LISTED ENTRIES ::

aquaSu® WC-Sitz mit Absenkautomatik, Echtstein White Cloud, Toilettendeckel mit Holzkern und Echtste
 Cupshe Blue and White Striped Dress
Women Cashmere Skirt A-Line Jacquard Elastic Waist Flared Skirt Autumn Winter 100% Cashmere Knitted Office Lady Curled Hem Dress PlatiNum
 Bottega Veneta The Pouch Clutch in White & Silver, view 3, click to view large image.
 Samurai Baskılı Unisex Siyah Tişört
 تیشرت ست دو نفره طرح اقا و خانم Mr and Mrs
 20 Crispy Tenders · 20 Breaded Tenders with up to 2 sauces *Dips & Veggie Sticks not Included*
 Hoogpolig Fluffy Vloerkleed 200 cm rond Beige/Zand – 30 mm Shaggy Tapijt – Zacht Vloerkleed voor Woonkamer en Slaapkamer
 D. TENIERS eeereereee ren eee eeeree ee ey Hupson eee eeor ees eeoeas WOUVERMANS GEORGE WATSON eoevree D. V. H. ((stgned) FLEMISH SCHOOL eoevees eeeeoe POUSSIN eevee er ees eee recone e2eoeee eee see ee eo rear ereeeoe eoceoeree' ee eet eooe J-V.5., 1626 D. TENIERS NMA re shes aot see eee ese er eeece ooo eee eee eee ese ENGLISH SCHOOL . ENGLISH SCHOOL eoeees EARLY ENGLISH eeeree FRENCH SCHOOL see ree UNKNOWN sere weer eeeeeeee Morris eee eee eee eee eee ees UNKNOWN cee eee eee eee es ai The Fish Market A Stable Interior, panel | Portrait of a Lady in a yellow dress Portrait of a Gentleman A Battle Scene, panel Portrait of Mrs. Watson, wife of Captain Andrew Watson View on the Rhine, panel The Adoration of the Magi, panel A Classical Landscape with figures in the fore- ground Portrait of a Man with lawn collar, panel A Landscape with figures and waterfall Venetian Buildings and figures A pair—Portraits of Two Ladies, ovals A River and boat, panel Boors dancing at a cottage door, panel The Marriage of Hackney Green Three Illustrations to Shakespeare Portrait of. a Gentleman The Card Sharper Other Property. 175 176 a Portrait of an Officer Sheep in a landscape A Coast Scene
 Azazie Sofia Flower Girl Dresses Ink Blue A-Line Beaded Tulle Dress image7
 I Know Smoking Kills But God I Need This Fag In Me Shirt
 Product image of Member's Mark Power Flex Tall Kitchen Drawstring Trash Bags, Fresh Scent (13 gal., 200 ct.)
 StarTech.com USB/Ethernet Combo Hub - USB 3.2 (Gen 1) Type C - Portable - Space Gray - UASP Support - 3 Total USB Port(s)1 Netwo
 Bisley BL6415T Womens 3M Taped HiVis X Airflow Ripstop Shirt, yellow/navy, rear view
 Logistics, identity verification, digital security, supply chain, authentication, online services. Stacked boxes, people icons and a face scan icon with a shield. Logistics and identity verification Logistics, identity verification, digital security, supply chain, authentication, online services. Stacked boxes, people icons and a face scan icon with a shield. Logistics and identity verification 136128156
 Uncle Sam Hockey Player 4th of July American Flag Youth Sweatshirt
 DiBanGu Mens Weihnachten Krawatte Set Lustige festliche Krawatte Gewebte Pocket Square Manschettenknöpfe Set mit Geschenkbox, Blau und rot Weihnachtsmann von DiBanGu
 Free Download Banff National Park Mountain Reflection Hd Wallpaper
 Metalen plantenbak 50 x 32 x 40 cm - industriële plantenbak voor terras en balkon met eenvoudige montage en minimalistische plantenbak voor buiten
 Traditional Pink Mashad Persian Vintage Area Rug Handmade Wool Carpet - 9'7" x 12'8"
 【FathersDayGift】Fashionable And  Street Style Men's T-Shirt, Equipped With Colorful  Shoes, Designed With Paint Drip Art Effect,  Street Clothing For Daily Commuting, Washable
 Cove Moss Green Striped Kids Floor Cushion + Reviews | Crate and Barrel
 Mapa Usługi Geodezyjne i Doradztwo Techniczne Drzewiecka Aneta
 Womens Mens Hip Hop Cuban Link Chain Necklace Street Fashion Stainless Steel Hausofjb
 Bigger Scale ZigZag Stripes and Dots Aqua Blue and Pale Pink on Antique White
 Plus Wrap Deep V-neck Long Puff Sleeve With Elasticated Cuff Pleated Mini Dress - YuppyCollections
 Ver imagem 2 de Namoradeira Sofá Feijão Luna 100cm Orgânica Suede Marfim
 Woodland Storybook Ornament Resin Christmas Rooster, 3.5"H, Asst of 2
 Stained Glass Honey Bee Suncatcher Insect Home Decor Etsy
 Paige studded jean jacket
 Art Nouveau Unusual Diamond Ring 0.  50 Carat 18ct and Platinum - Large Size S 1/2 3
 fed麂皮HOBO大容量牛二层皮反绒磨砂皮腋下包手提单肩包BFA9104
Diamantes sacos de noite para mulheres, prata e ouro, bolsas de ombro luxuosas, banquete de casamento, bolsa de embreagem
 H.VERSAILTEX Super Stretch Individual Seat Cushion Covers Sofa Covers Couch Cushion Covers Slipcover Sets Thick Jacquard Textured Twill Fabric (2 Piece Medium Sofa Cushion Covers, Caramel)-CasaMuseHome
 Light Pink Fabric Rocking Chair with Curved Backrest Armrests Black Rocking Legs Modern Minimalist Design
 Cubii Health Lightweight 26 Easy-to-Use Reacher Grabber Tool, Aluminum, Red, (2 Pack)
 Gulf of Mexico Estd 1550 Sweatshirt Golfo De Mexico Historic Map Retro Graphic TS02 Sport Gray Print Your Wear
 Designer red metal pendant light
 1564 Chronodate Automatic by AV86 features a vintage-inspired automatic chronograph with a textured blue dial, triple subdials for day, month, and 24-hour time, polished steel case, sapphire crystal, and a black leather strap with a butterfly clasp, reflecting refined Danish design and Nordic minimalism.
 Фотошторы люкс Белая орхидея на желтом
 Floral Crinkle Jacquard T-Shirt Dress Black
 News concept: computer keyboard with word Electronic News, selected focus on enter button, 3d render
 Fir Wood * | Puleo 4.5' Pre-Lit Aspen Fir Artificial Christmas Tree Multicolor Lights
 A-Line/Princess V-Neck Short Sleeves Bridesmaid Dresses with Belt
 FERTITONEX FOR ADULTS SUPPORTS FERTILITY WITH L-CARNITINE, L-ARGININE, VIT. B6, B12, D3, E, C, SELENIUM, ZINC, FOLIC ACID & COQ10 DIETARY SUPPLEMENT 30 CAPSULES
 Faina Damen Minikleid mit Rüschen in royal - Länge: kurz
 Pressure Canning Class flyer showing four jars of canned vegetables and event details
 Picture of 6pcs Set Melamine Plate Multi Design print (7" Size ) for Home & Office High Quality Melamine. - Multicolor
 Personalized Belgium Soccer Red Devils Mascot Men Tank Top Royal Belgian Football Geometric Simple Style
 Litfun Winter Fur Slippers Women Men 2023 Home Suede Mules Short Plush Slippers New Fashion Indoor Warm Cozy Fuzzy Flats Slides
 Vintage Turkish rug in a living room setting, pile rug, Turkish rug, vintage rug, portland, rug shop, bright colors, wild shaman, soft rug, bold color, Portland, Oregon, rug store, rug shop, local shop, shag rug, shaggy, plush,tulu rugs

TASK GOAL ::
Provide the number of lines in the data above that contain the string "Size", and nothing else.

COMPLETED TASK ::
2